(The data begins)

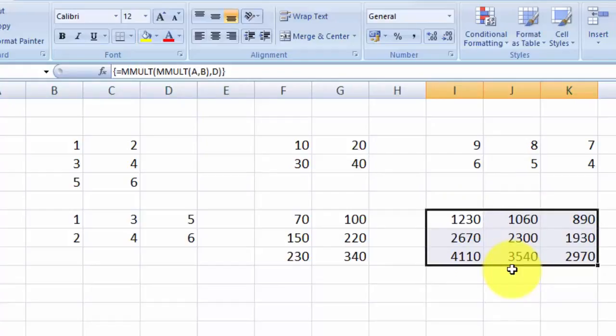So that is how you can do a matrix transpose and matrix multiplication in Microsoft Excel. I hope you liked the video — thanks for watching.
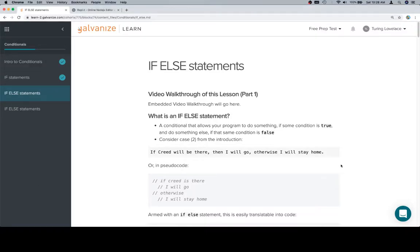Hey y'all, welcome back, and this is if-else statements. So we talked about an if statement in the last lesson.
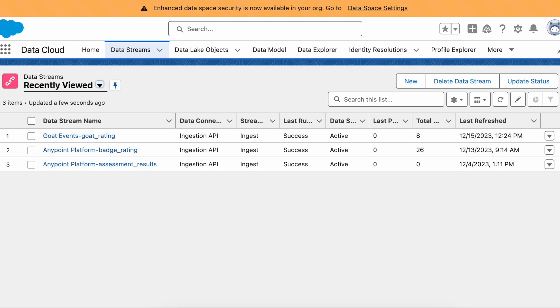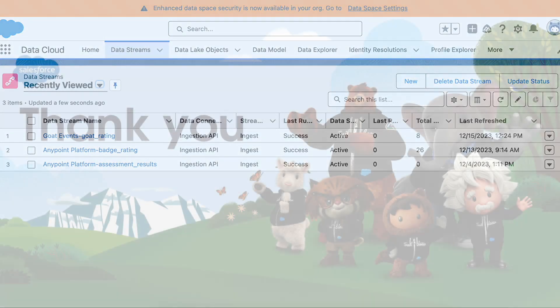That's how easy it is to use the Salesforce connector for MuleSoft to insert records.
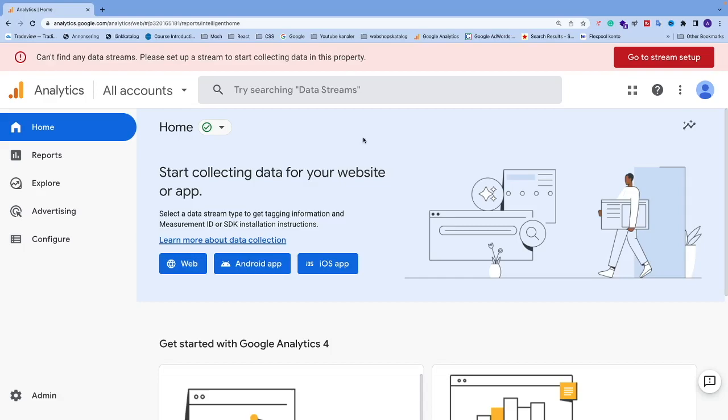Okay everyone, in this Google Analytics video we're going to learn how you can delete a property. To do this, just log into your Google Analytics account and after that we're going to go...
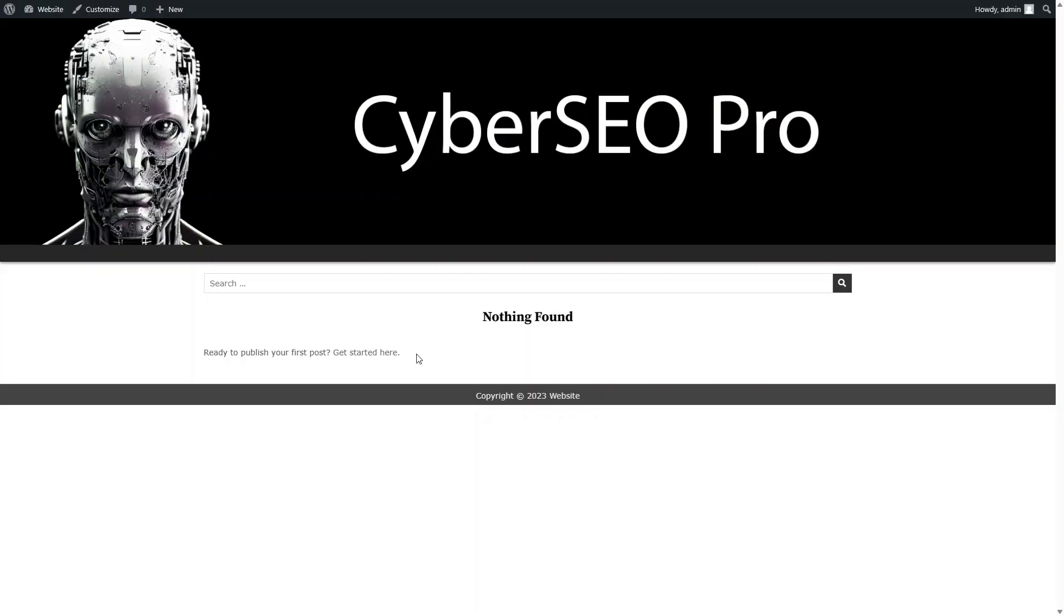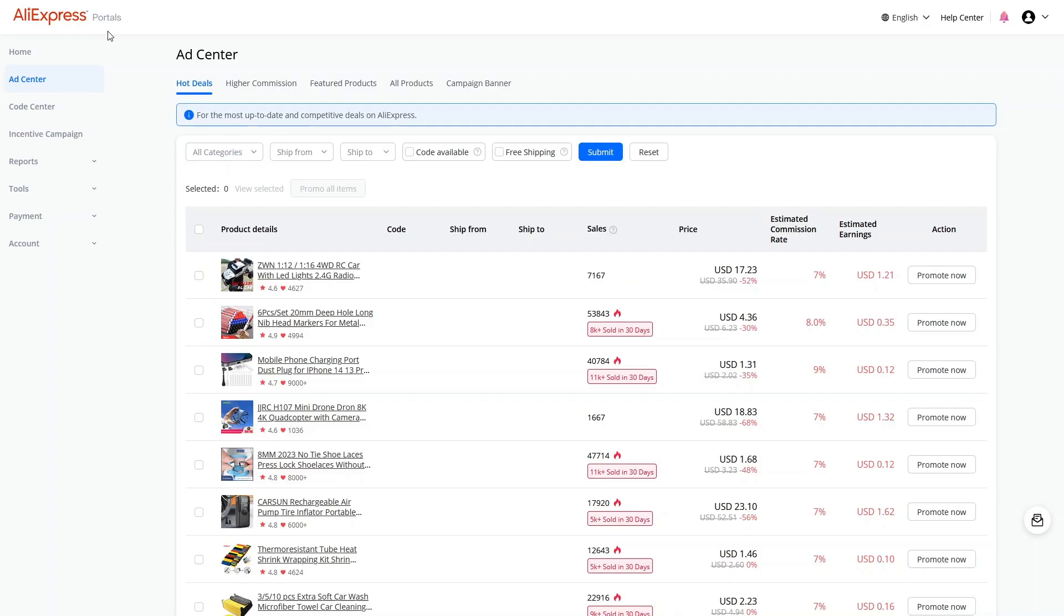In this tutorial, you'll learn how to resell AliExpress products as an affiliate. Enter the AliExpress Ad Center and select the products you want to sell.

(The data ends)

With the pictures omitted, write out exactly the lines from the one that contains "That's how easy" through the final line of the material above, both ends included.

That's how easy it is to use the Salesforce connector for MuleSoft to insert records.
Okay everyone, in this Google Analytics video we're going to learn how you can delete a property. To do this, just log into your Google Analytics account and after that we're going to go...
In this tutorial, you'll learn how to resell AliExpress products as an affiliate. Enter the AliExpress Ad Center and select the products you want to sell.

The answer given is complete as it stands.